# A little haul from the states (Zaino, Migliore & various)



## HC1001 (May 27, 2007)

Hi All,

Back from my hols today with a nice haul of products for me and Swiftjon to have a play with...........

I was looking forward to getting my hands on this wax for a while after reading some of Jesse "Clever nickname" reviews (Thanks for the advise Jesse :thumb::thumb, so after some careful planning I managed to ship some to my relatives in the states and collect it when I got there...................(arrived safe and sound, spot on shipping from migliore BTW)



















If you like the smell of Oranges then you'll love this stuff, Expect a review soon.

After struggling to get some Zaino products in the uk I found a stockist in Florida so after a trip to Coco beach I went shopping for some Z8 and Z16.........










1 for me and 1 for Swiftjon, we'll fight over the Z16..............:lol::lol:

I managed to pick up some other bit's from some various shops..........

Duragloss 901 x2
Duragloss 111
Duragloss Rubber and tyre dressing
Stoners invisable glass
Spraymaster spray bottle
A few applicators and a wash mitt




























Lucky for me they all arrived back home safely.........
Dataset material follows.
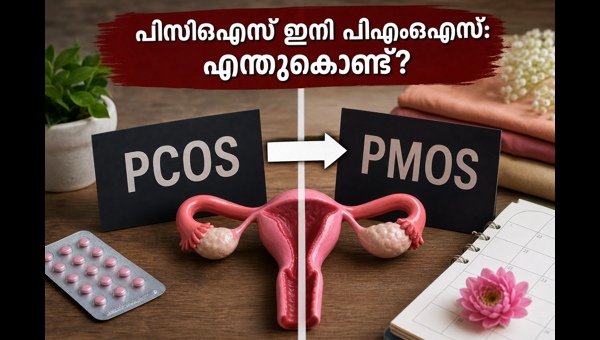 PMOS: Why PCOS Has Been Renamed and How This Change Impacts Women's Metabolic Health in 2026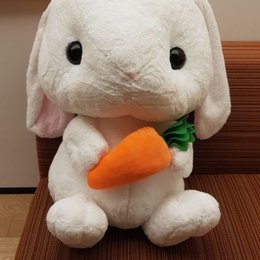 Jaja si eres MOA ya sabes de quien es este peluche.. &iquest;No es cierto? - &iquest;Cu&aacute;nto sabes de TXT? [TOMORROW X TOGETHER]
The Primo now has it's place in the flightcase with the rest of them!!










Thanks for looking, Enjoy the Z8 Jon!

If anyone needs any info on the stores I used send me a PM or post on the thread and I'll be happy to help.

Howard


----------



## -Kev- (Oct 30, 2007)

so thats where all the zaino's gone! :lol: nice little haul there Howard :thumb:


----------



## Guest (Oct 2, 2009)

well guess who got the z16........................... i did :lol:,cheer's for all the stuff mate,especially the detailing brushe's 901 and the other stuff,that wax look's smell's amazing mate :thumb:


----------



## [email protected] (Dec 21, 2005)

We have some Migliore coming in soon guys

Announcement next week

Nice collection btw


----------



## HC1001 (May 27, 2007)

autobrite-direct said:


> We have some Migliore coming in soon guys
> 
> Announcement next week
> 
> Nice collection btw


What products are you going to stock AB?? Some of the other waxes look good also.

I'll let you know my thoughts if you like??


----------



## [email protected] (Dec 21, 2005)

HC1001 said:


> What products are you going to stock AB?? Some of the other waxes look good also.
> 
> I'll let you know my thoughts if you like??


Hi Mate

We are gonna stock the whole range Very nice products..A review will be nice mate if you can? Thanks

Mark:thumb:


----------



## Simon01 (Jan 14, 2008)

Nice haul there HC did you leave all your clothes over there so you fit them all in


----------



## Guest (Oct 2, 2009)

autobrite-direct said:


> Hi Mate
> 
> We are gonna stock the whole range Very nice products..A review will be nice mate if you can? Thanks
> 
> Mark:thumb:


me and howard were just talking about paying you a visit mate :thumb:


----------



## [email protected] (Dec 21, 2005)

swiftjon said:


> me and howard were just talking about paying you a visit mate :thumb:


Oooo that would be nice! Might even pop the kettle on:thumb:


----------



## Mirror Finish Details (Aug 21, 2008)

Looks good there, never heard of that wax before.


----------



## Guest (Oct 2, 2009)

autobrite-direct said:


> Oooo that would be nice! Might even pop the kettle on:thumb:


best raid me piggy bank been looking at your website,in chief brody's word's gonna need a bigger shed:lol::lol:


----------



## [email protected] (Dec 21, 2005)

swiftjon said:


> best raid me piggy bank been looking at your website,in chief brody's word's gonna need a bigger shed:lol::lol:


£££££££'sssss:lol:


----------



## Guest (Oct 2, 2009)

autobrite-direct said:


> £££££££'sssss:lol:


:thumb:


----------



## [email protected] (Dec 21, 2005)

swiftjon said:


> :thumb:


Just tell your lady that your buying Christmas presents!


----------



## Guest (Oct 2, 2009)

autobrite-direct said:


> Just tell your lady that your buying Christmas presents!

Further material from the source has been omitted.